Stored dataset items
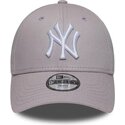 petten-gebogen-paars-verstelbaar-voor-kinderen-9forty-league-essential-van-new-york-yankees-mlb-van-new-era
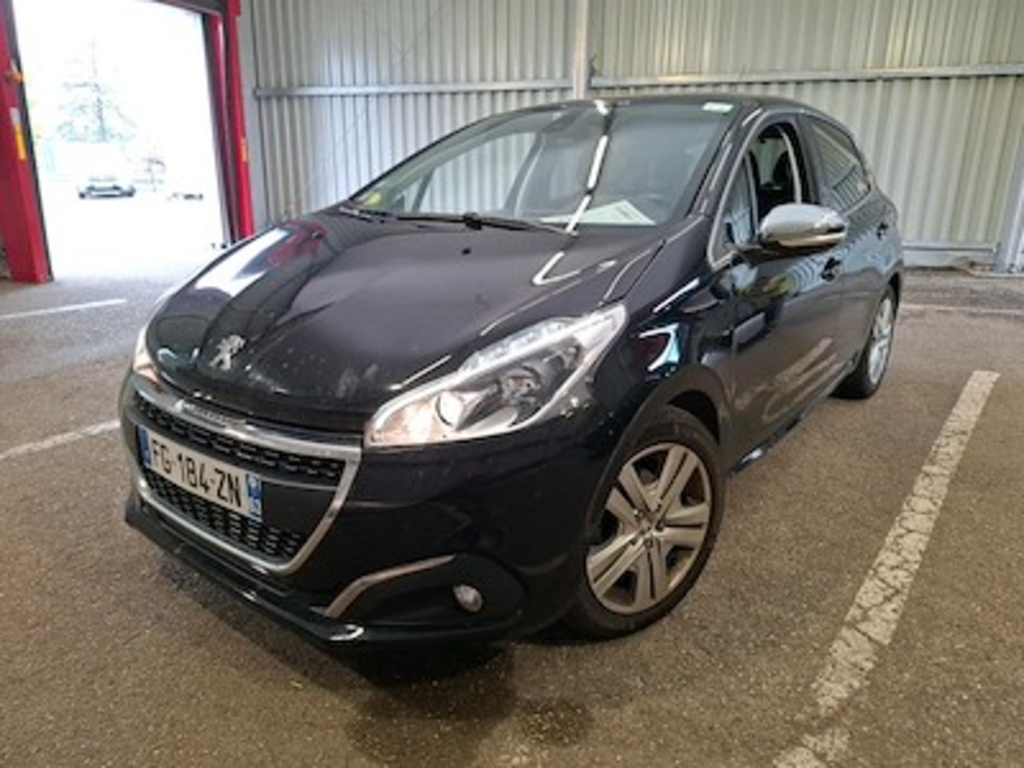 Peugeot 208 208 1.5 BlueHDi 100ch E6.c Allure Business BVM5 S&S 86g 5p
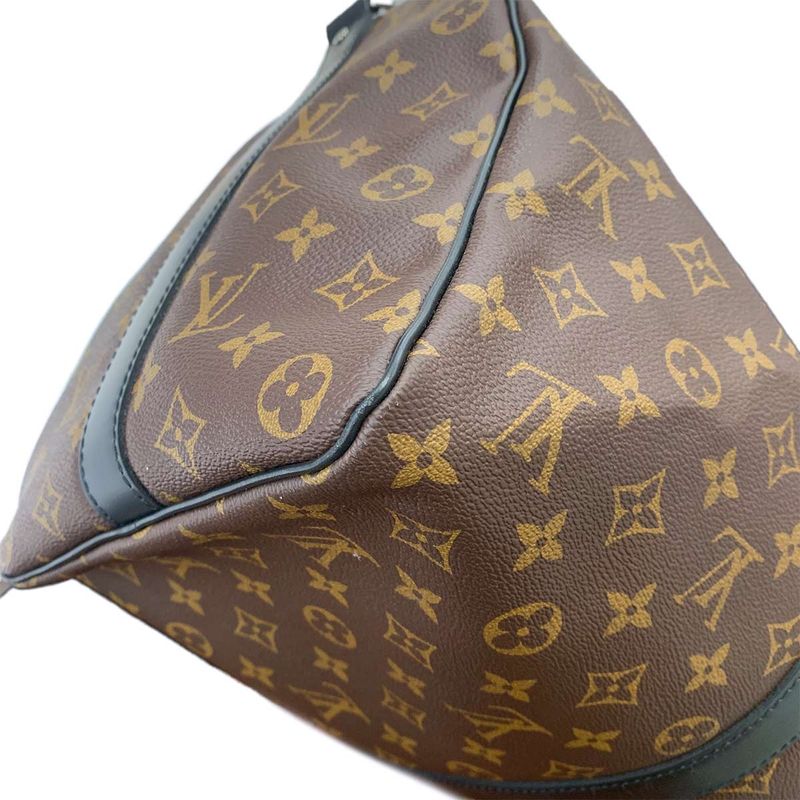 Louis Vuitton Monogram Macassar Keepall Bandouliere 45 2way Boston Shoulder Bag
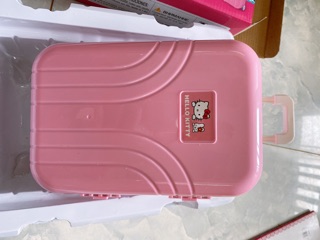 VALI TRANG ĐIỂM THẬT hello kitty cho bé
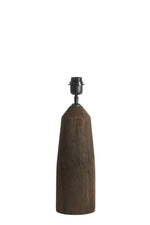 Light & Living Lampvoet Trapani Donkerbruin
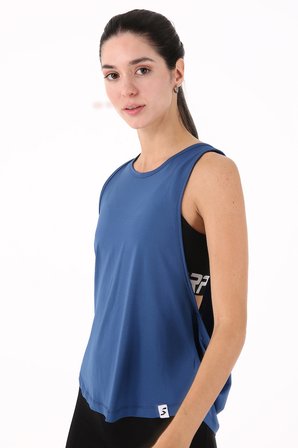 Scorp Simplex Low-Cut Kadın Spor Atlet Indigo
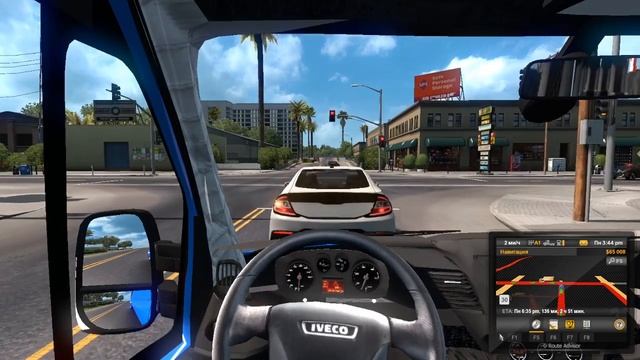 Iveco Daily-V1R20[мод] для AMERICAN TRUCK SIMULATOR смотреть онлайн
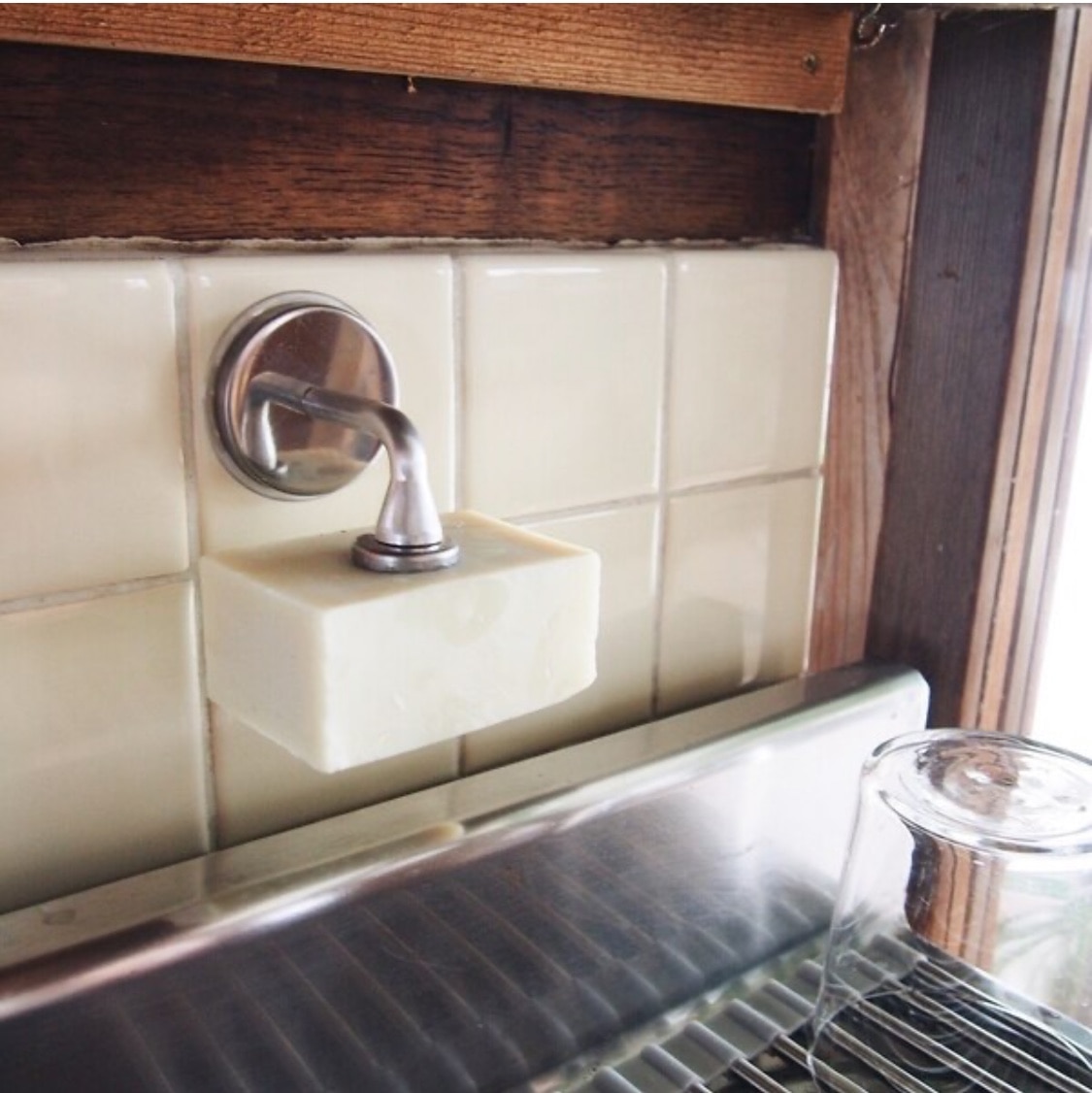 ダルトン ソープホルダー【送料無料メール便】【DULTON】固形石鹸専用 マグネティック ソープホルダー【ヌルヌル防止/掃除しやすい/ダルトン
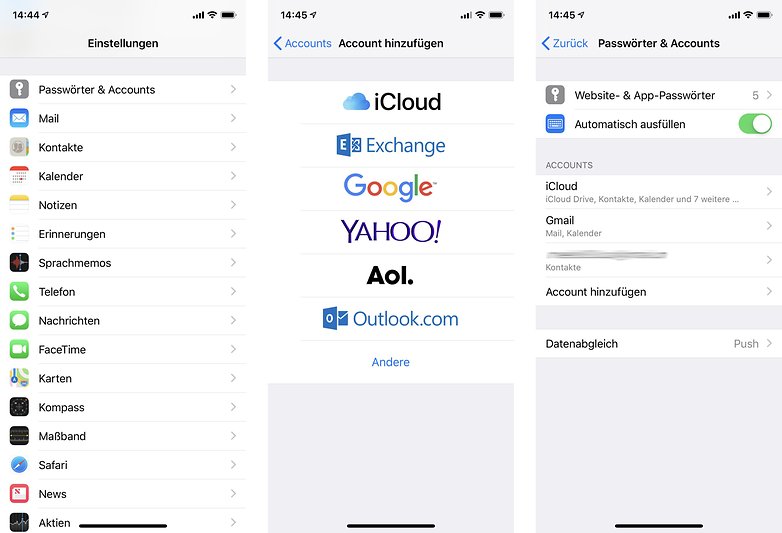 google kontakte auf iphone synchronisieren anleitung ap 01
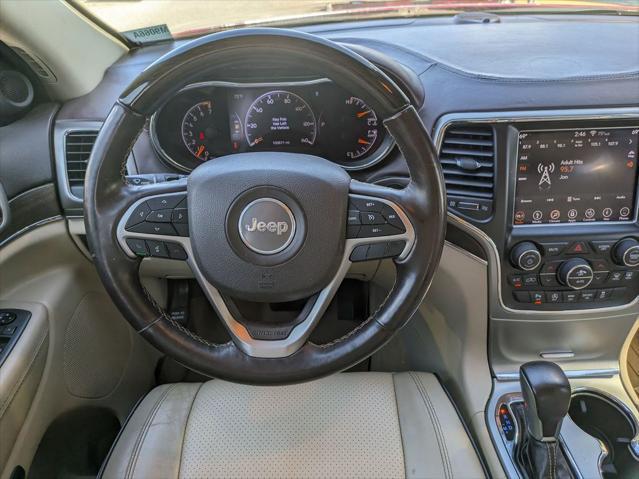 used 2018 Jeep Grand Cherokee car, priced at $18,211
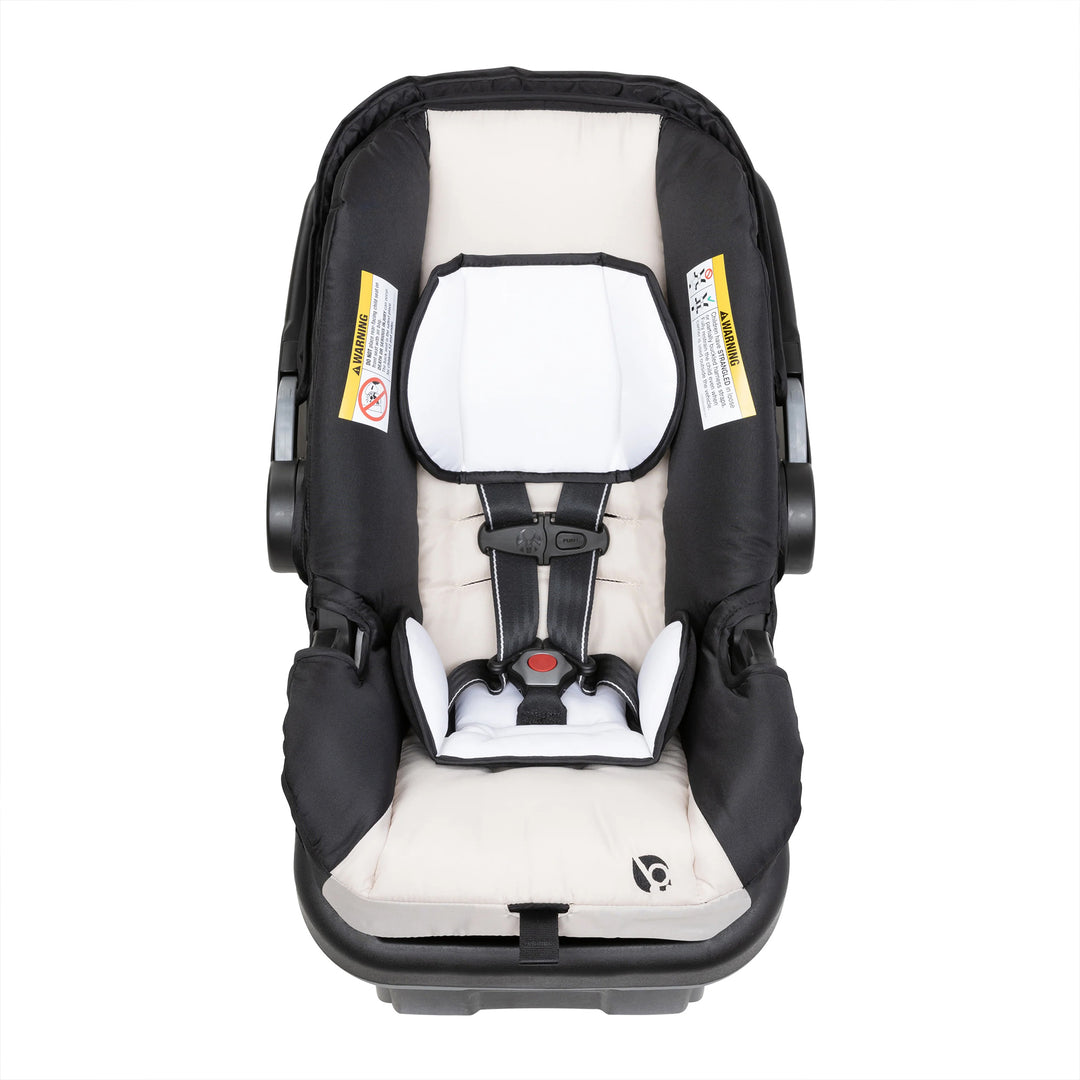 Baby Trend Sit N' Stand Stroller & EZ-Lift Plus Infant Car Seat, Modern Khaki - VMInnovations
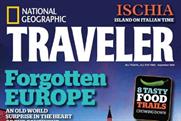 National Geographic Traveler: executive John Q Griffin announces retirement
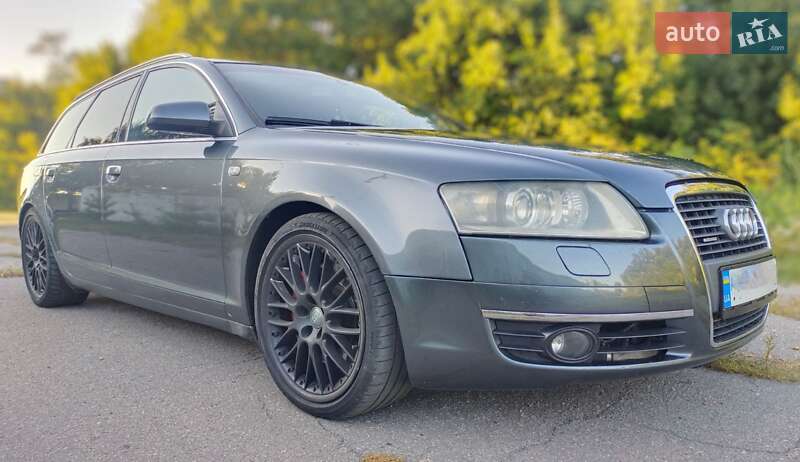 Універсал Audi A6 2005 в Пирятині фото 15 Універсал Audi A6 2005 в Пирятині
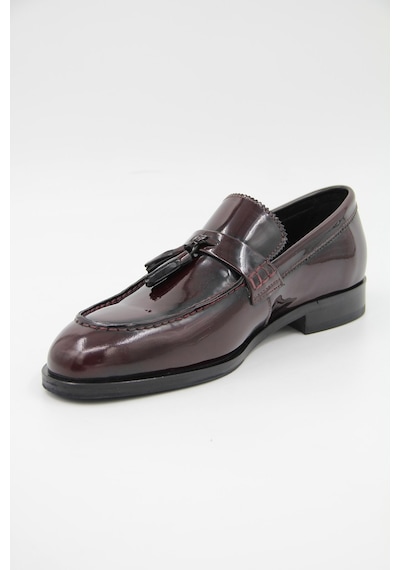New Bota 10741 Erkek Klasik Ayakkabı - Bordo-bordo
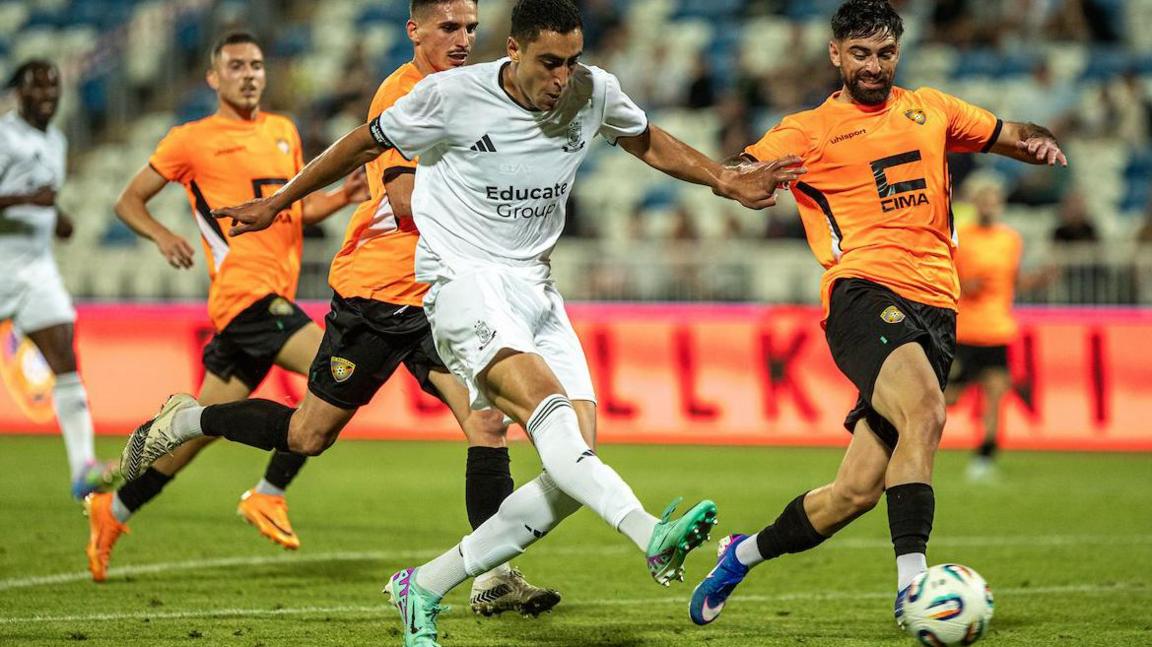 Hussein Mehasseb scores for Nomads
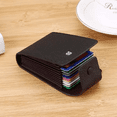 thumbnail image 5 of Tarjetero Organizador Porta Tarjetas Multi Ranuras Marron, 5 of 5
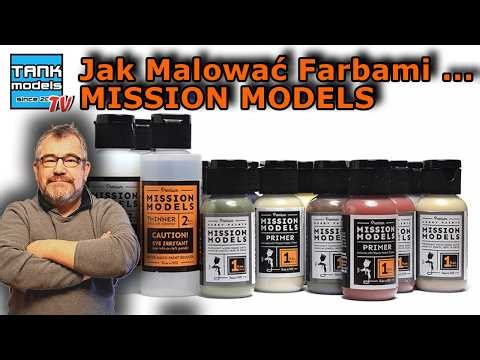 Poradnik Modelarski 42 - Jak malować farbami Mission Models Cz.2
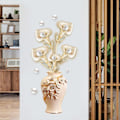 Miniatyrbillede 5 af 5: Mural de parede Autocolantes de parede Vaso de flores Autocolantes m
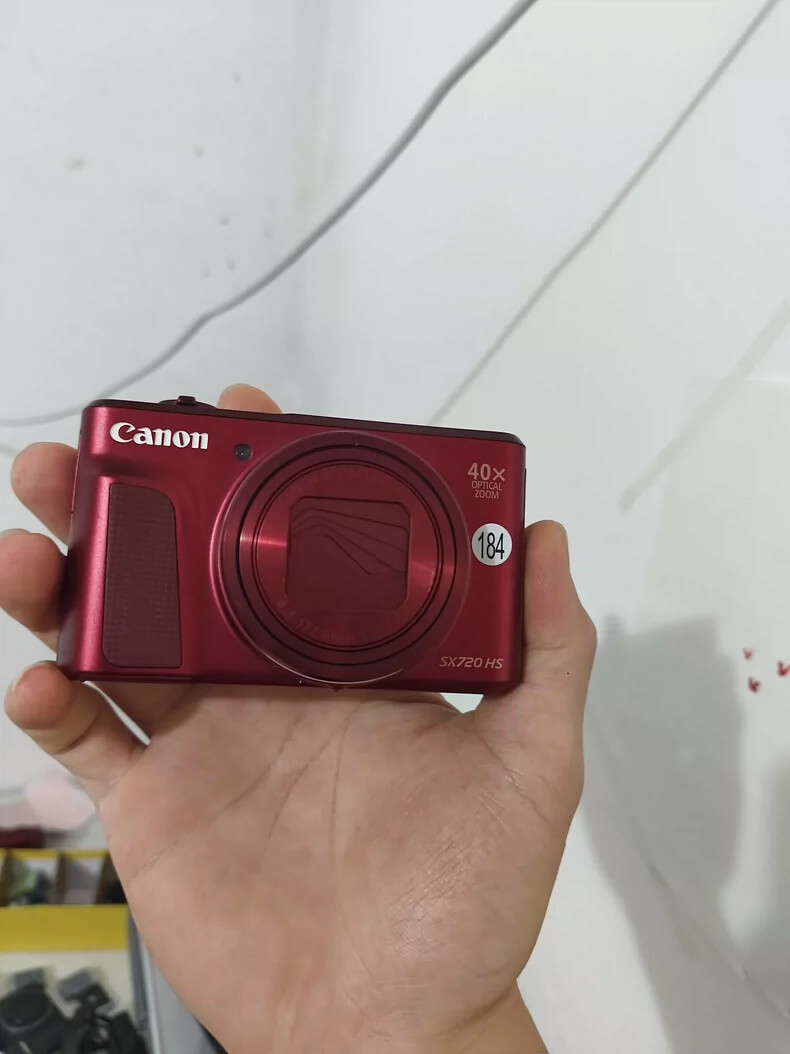 Canon PowerShot SX720 HS 20.3MP 40xZoom Wi-Fi Compact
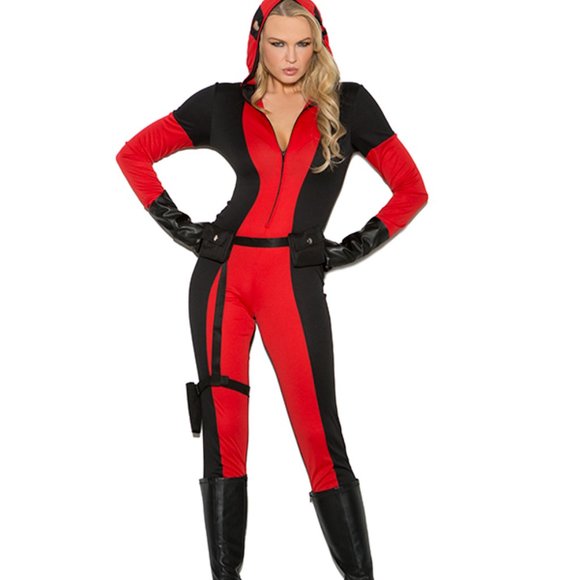 Elegant Moments Pants - Vigil Ante - 3 pc. costume includes jumpsuit
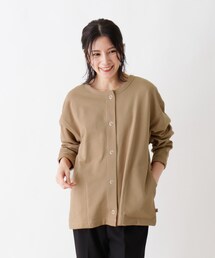 SHOO・LA・RUE | 【USAコットン】ボタンカーディガン(カーディガン/ボレロ)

> [Assignment] Return the opening line of the data above and every line after it up to and including the line that holds "used 2018 Jeep"; pictures stay out.

> [Response below]
 petten-gebogen-paars-verstelbaar-voor-kinderen-9forty-league-essential-van-new-york-yankees-mlb-van-new-era
 Peugeot 208 208 1.5 BlueHDi 100ch E6.c Allure Business BVM5 S&S 86g 5p
 Louis Vuitton Monogram Macassar Keepall Bandouliere 45 2way Boston Shoulder Bag
 VALI TRANG ĐIỂM THẬT hello kitty cho bé
 Light & Living Lampvoet Trapani Donkerbruin
 Scorp Simplex Low-Cut Kadın Spor Atlet Indigo
 Iveco Daily-V1R20[мод] для AMERICAN TRUCK SIMULATOR смотреть онлайн
 ダルトン ソープホルダー【送料無料メール便】【DULTON】固形石鹸専用 マグネティック ソープホルダー【ヌルヌル防止/掃除しやすい/ダルトン
 google kontakte auf iphone synchronisieren anleitung ap 01
 used 2018 Jeep Grand Cherokee car, priced at $18,211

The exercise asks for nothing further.